E-commerce companies have incurred combined losses of around Rs. 1,000 crore due to heavy discounting strategy and this model is not feasible in the long run, a PwC report said.
“Offering lower prices will not be viable in the long term. Despite luring in customers in the initial stages, lower prices won’t be able to retain customers in the long run.
While the discounting will continue for some more months, e-tailers are thinking beyond discounts to acquire customers and build loyalty,” the report said. The combined losses faced by e-tailing companies as a result of their discounting strategies now stand at almost Rs. 1,000 crore, the report said without giving the time frame for these losses.
Out of a total of 1,005 respondents surveyed as part of the PwC study from India, almost half the respondents said they preffered to shop online due to better deals and discounts offered by these retailers.
“A majority of e-commerce players are start-ups and, therefore, are working towards rapidly scaling up their market share. They have been aggressively planning and implementing discounting strategies, which would make the customer sit up and take notice,” it said.
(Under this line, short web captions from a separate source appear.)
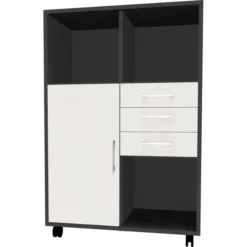 Stay Skab M/ 6 Rum, 1 Låge Uden Lås Og 3 Skuffer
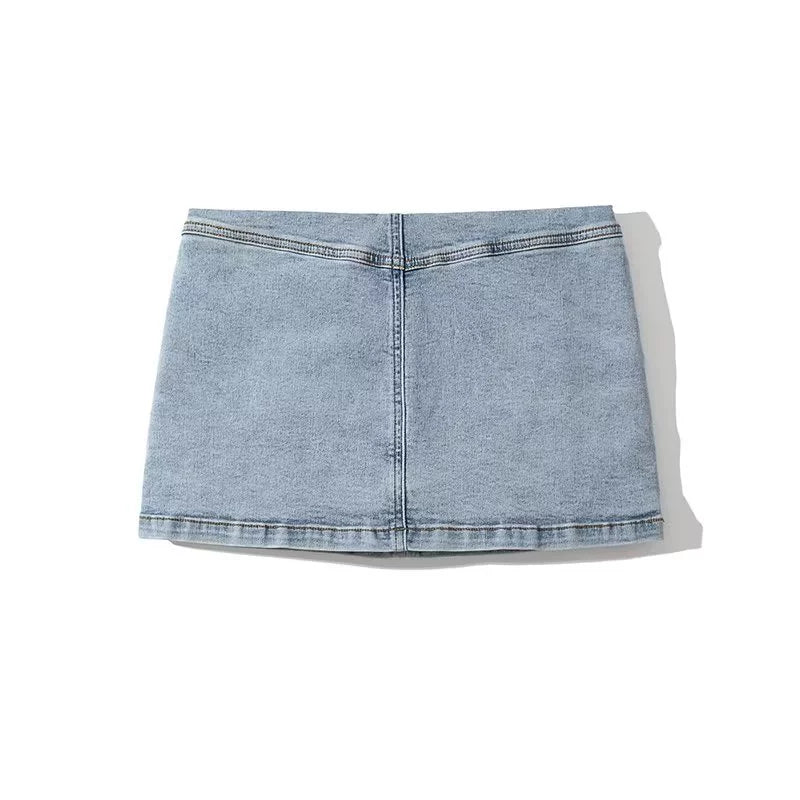 Frida Denim Mini Skirt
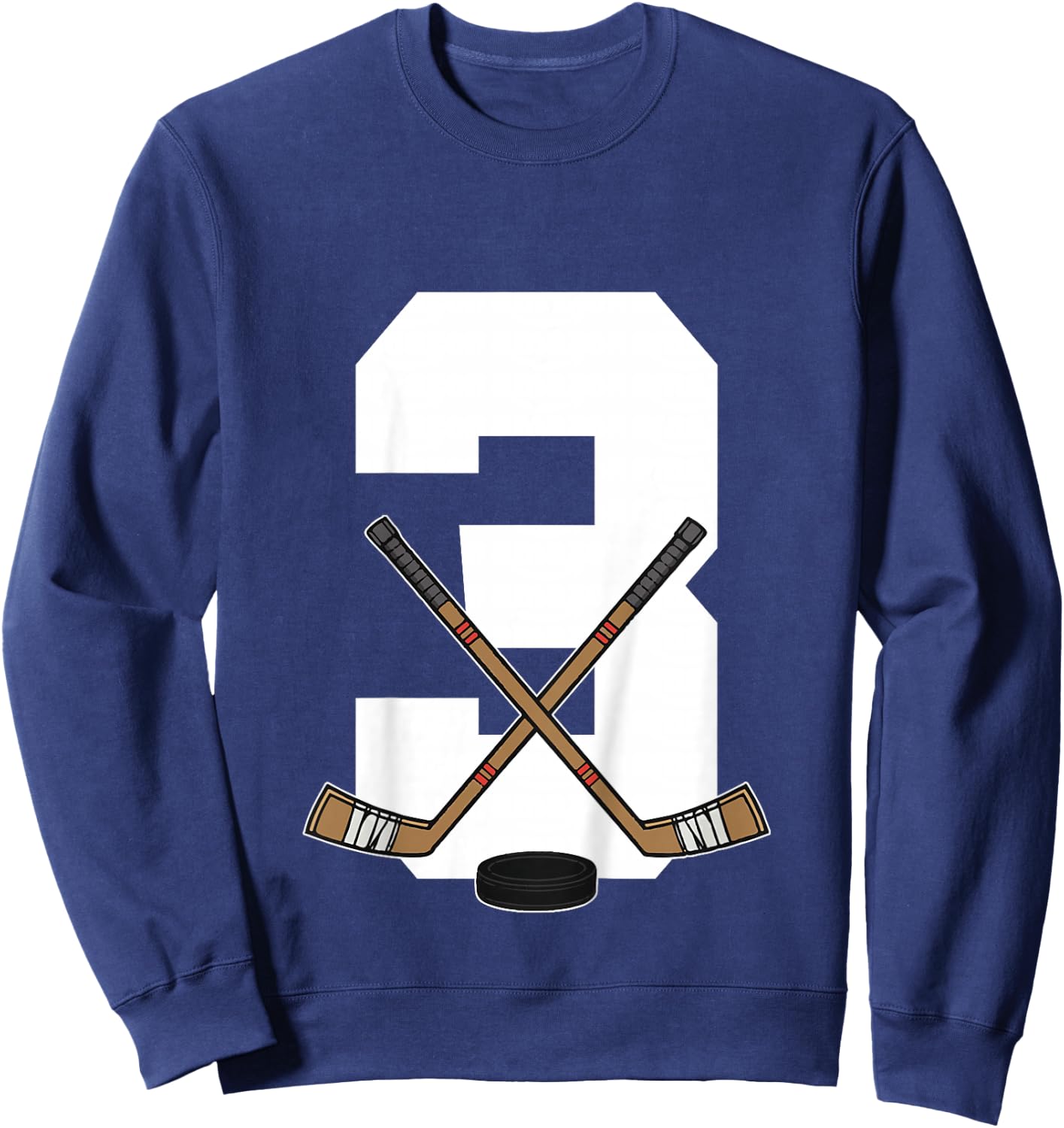 Kids Ice Hockey Kids Toddler Boys 3rd Birthday Ice Hockey Sweatshirt - Sweatshirt | Navy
Pointing out that price has emerged as the biggest differentiator driving consumers to shop online or in-store, it said the customer habits have changed, as they are used to discounts throughout the year. The PwC report said the ‘predatory’ pricing strategy of e-commerce companies isn’t helping their stand with the premium brands.
It found that with valuations of e-commerce companies skyrocketing, there is increasing pressure from investor firms to cut down on discounts and concentrate on making profits.